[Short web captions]
Content starts

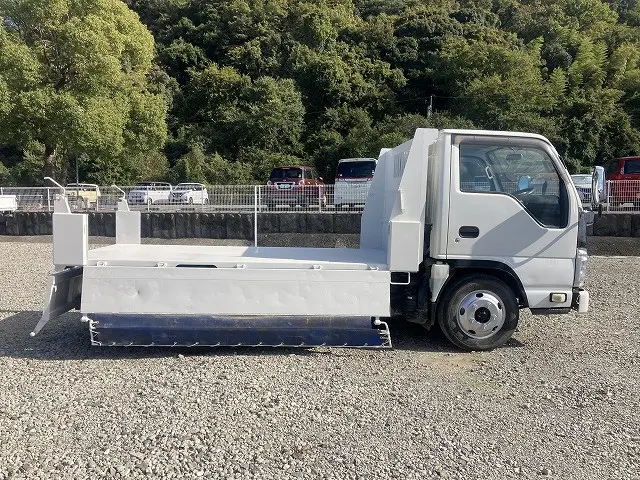 いすゞ フォワード TKG-NKR85AN(2WD)の写真12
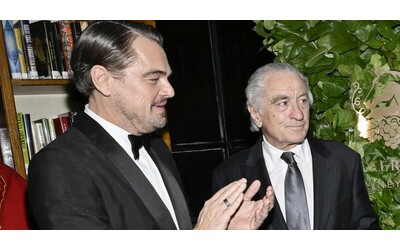 Modificano sul gobbo il discorso di De Niro contro Trump, ma l’attore tira fuori lo smartphone e lo legge. L’attacco ad Apple: “Non li ringrazio”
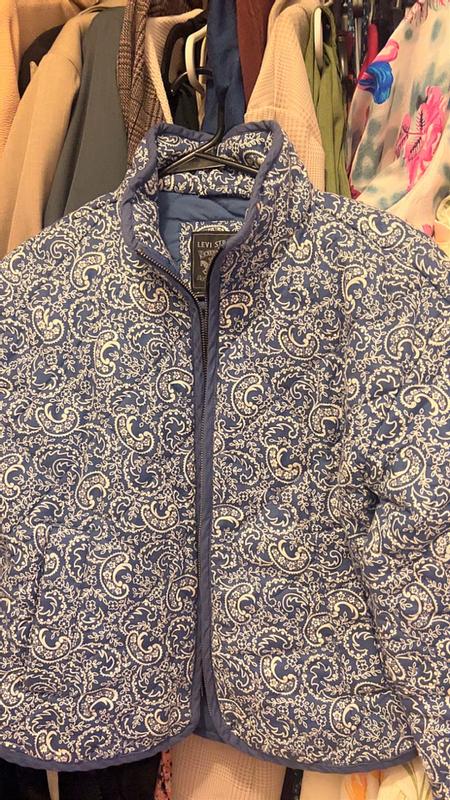 Customer carousel item 8.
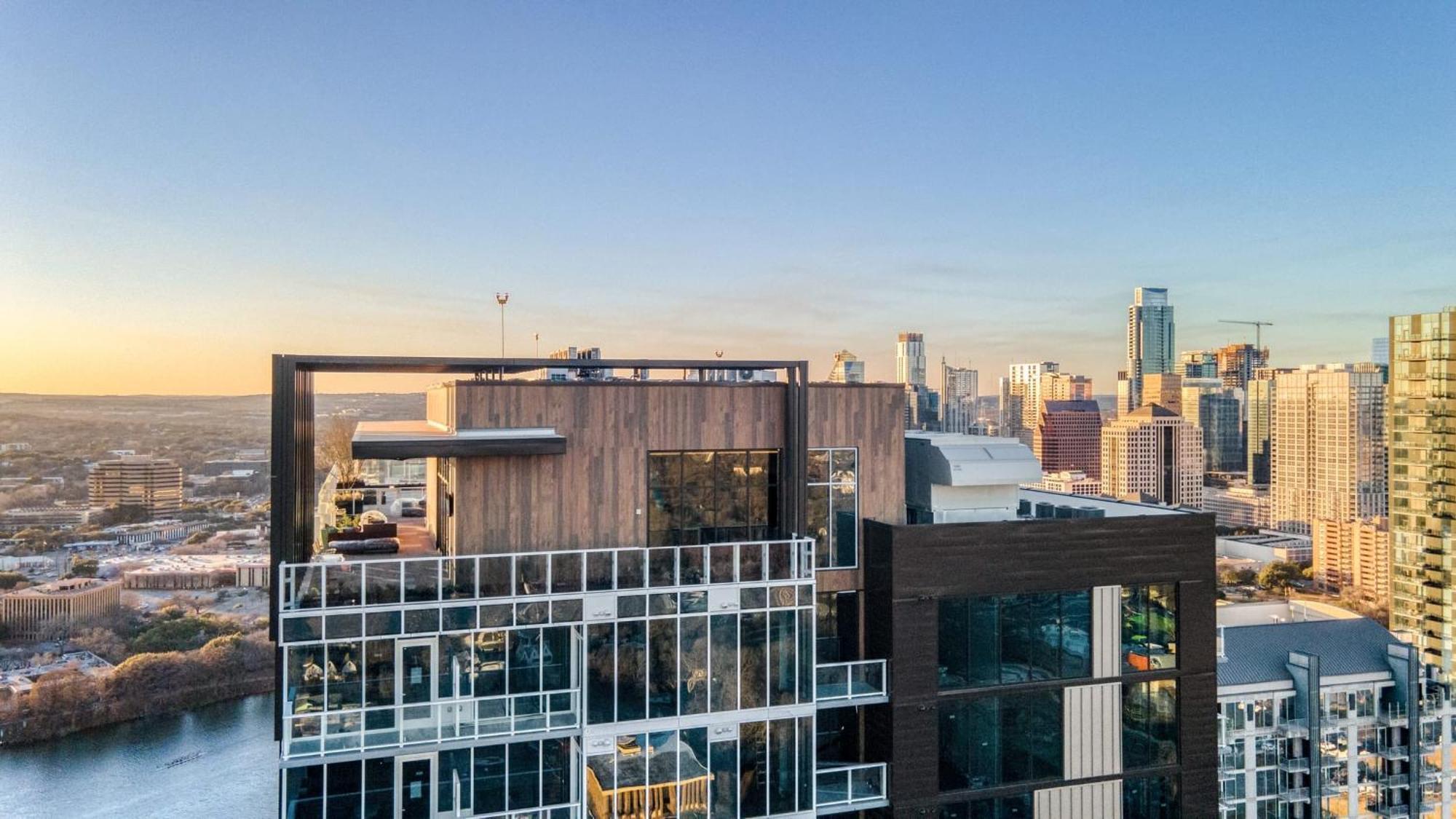 Holiday home Sleeps 40 12 In New High Rise W Rooftop Pool Gym Yoga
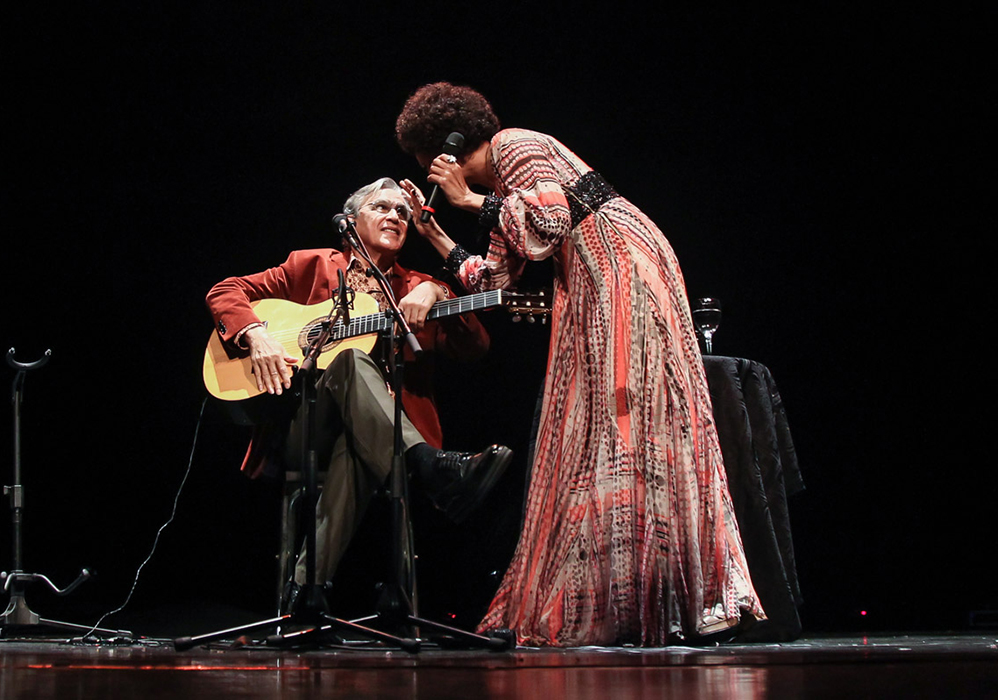 Famosos prestigiam show de Caetano Veloso e Teresa Cristina em São Paulo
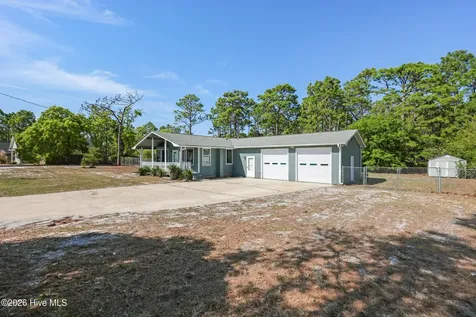 1021 Filmore Street Southport NC 28461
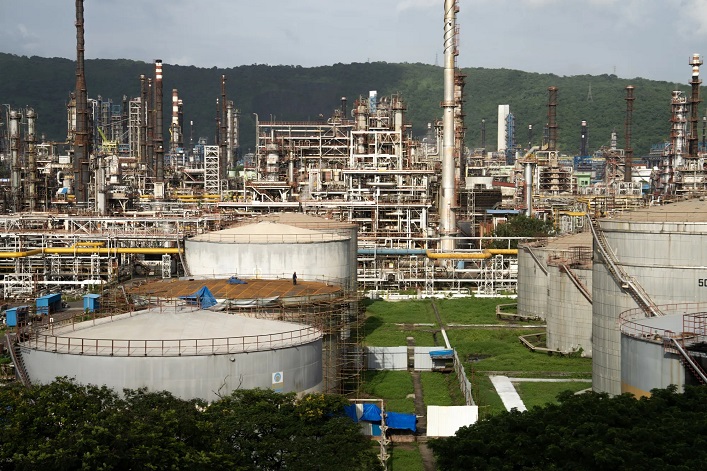 China and India are decreasing their reliance on Russian oil, as Europe stockpiles fuel in response to US sanctions.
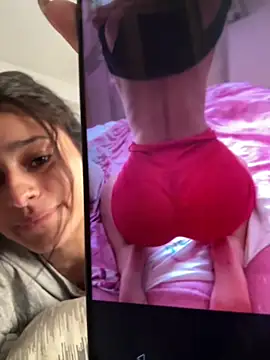 Snapshot of madison90 chatting on February 5, 9:41 pm madison90 online show from February 5, 9:41 pm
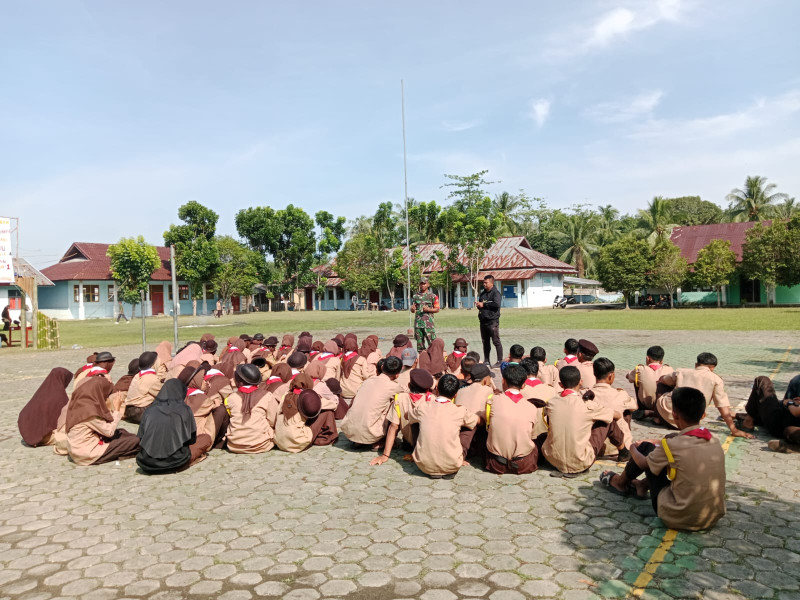 Sertu Muzainudin Berikan Edukasi Kepada Pelajar Terkait Nilai-nilai Pancasila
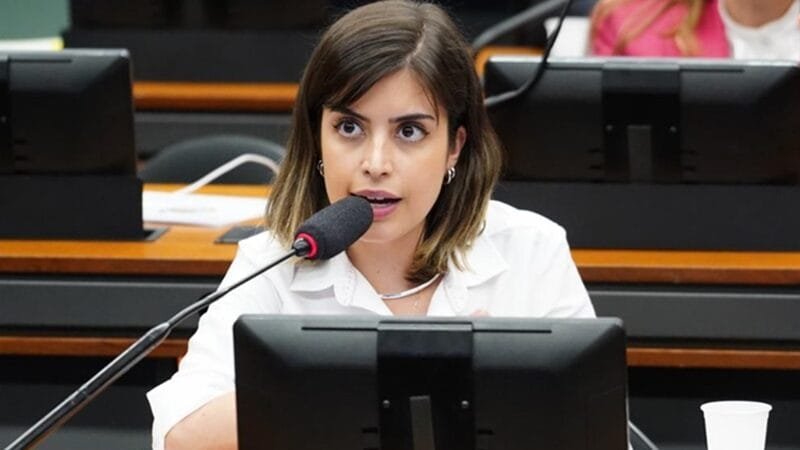 Comissão elege diretoria para discutir o Plano de Educação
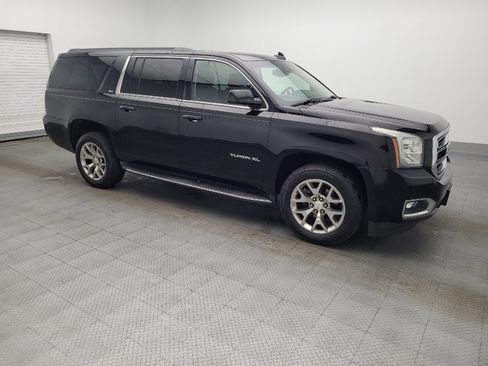 Used 2018 GMC Yukon XL SLT image 11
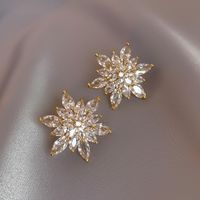 Fashion Snowflake Alloy Inlay Rhinestones Women's Ear Studs 1 Pair main image 6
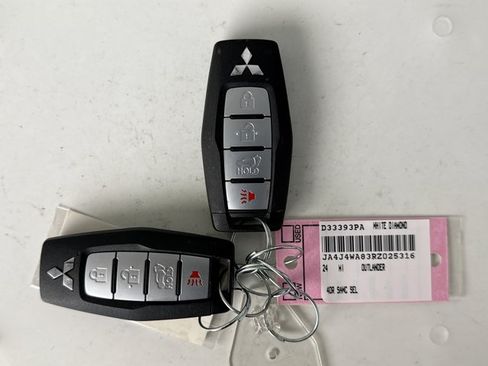 Used 2024 Mitsubishi Outlander SEL AWD/4WD image 10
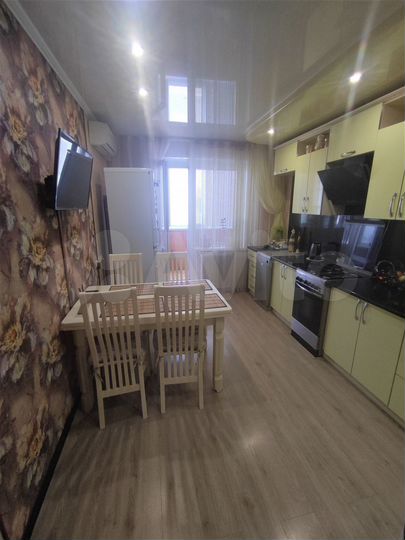 3-к. квартира, 75 м², 1/9 эт.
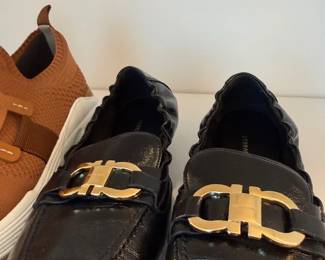 Carolina Herrera CH logo leather loafers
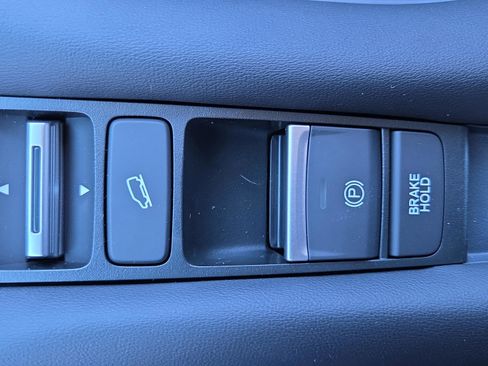 New 2026 Honda HR-V LX image 32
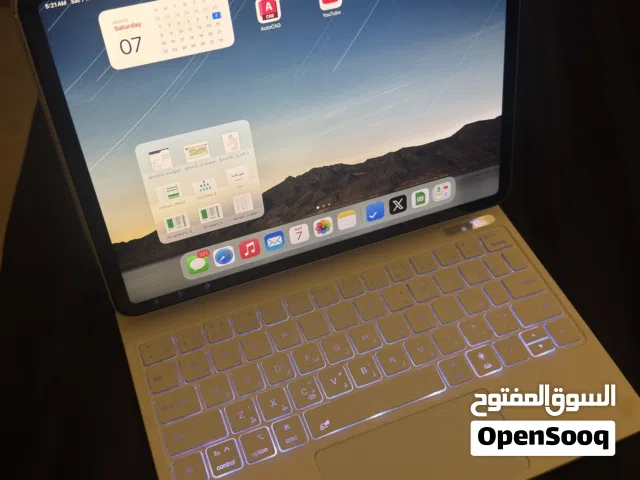 Apple iPad Pro 11 128 GB in Jazan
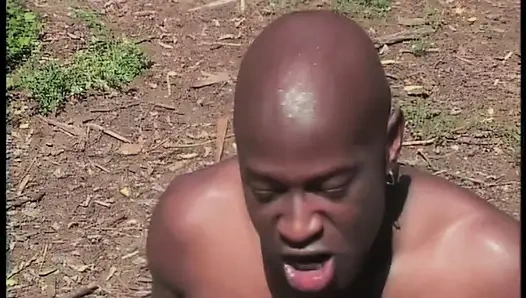 Korkutucu, Ustanın Kızından Intikam Alır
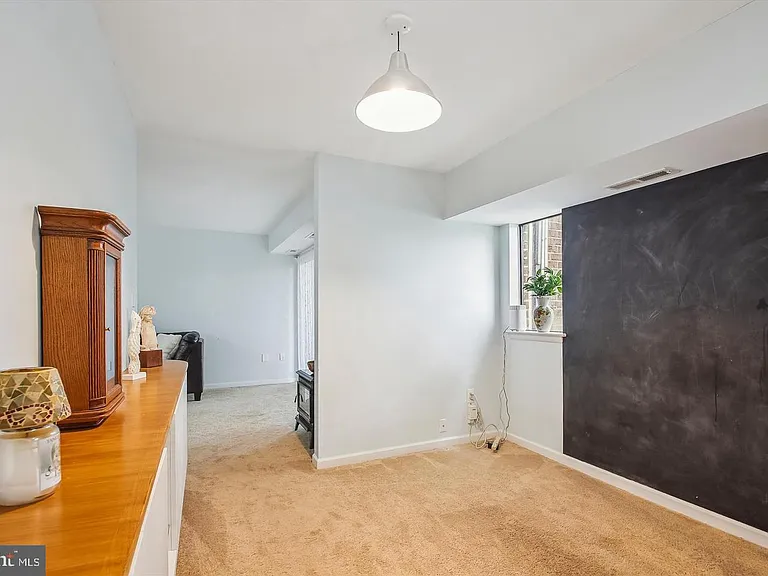 21 Silverwood Cir #4 — Photo 4
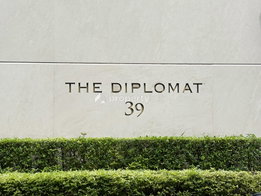 รูป The Diplomat 39 - รูปที่ 4/19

Content ends

■ EXERCISE DETAILS ■
From the line containing "Apple iPad Pro 11 128 GB in Jazan" to the last line of the records, inclusive, output the lines exactly as written and nothing else; leave out the pictures.

■ RESPONSE ■
 Apple iPad Pro 11 128 GB in Jazan
 Korkutucu, Ustanın Kızından Intikam Alır
 21 Silverwood Cir #4 — Photo 4
 รูป The Diplomat 39 - รูปที่ 4/19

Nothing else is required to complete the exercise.